• [Your goal]: Quote the listing below in its entirety, omitting every image.

• [Input data]:
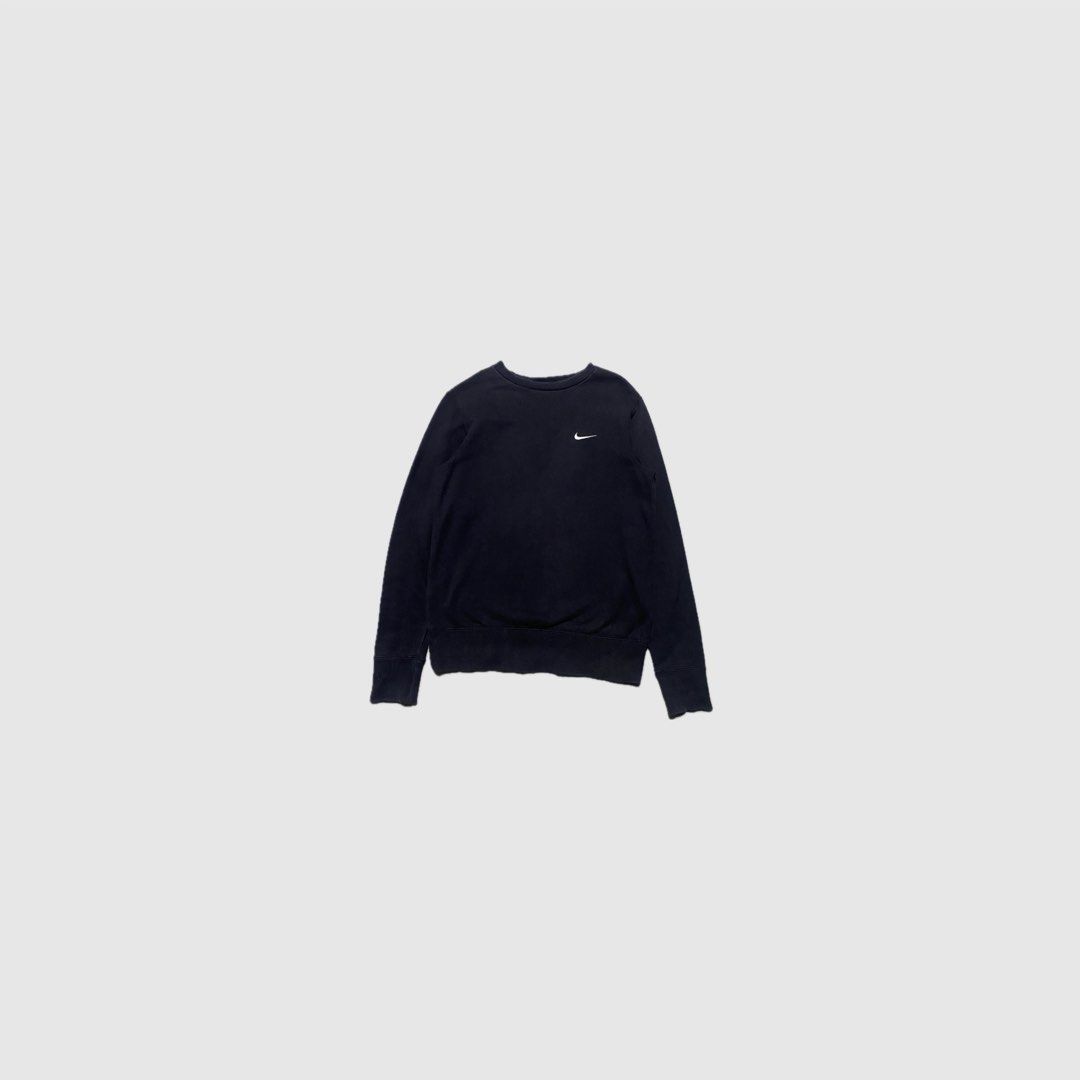 Vintage Nike Sideswoosh Sweater (Category: Hoodies) located in Cavite. Submitted by kali_galleria (Listing ID 1468936446, Image 1). Description: Available 🏷️ Vintage Nike Print-tag Sweater (Thick & Heavy) • Light-used Condition: 9 • Color rate: 9 • Width: 20.5 • Length: 28 • Best Fit: M • Issue: Sign of usage (due to age) 🏷️300 + SF “Thrift with your fingertip👆🏼”.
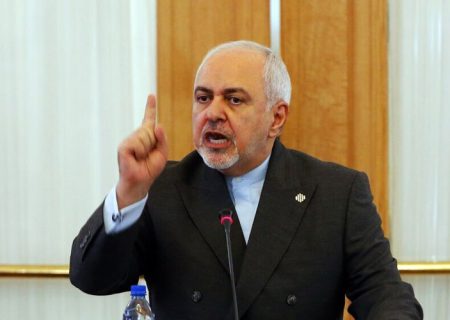 مداح سیدحسن نصرالله نفوذی اسرائیل بود؛ وقتی دنبال نفوذ می‌گردیم به کسانی که قیافه‌شان با ما فرق می‌کند نگاه نکنیم؛ بینیم چه کسی دارد حرف اسرائیل را می‌زند؟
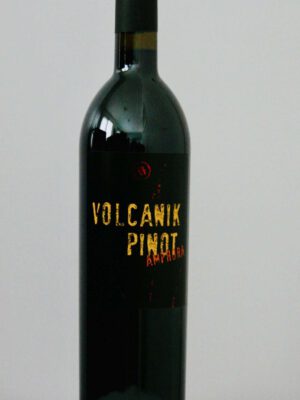 Pinot Vulkanic Amphora Pinot Noir Domaine Arsac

• [Response for this exercise]:
 Vintage Nike Sideswoosh Sweater (Category: Hoodies) located in Cavite. Submitted by kali_galleria (Listing ID 1468936446, Image 1). Description: Available 🏷️ Vintage Nike Print-tag Sweater (Thick & Heavy) • Light-used Condition: 9 • Color rate: 9 • Width: 20.5 • Length: 28 • Best Fit: M • Issue: Sign of usage (due to age) 🏷️300 + SF “Thrift with your fingertip👆🏼”.
 مداح سیدحسن نصرالله نفوذی اسرائیل بود؛ وقتی دنبال نفوذ می‌گردیم به کسانی که قیافه‌شان با ما فرق می‌کند نگاه نکنیم؛ بینیم چه کسی دارد حرف اسرائیل را می‌زند؟
 Pinot Vulkanic Amphora Pinot Noir Domaine Arsac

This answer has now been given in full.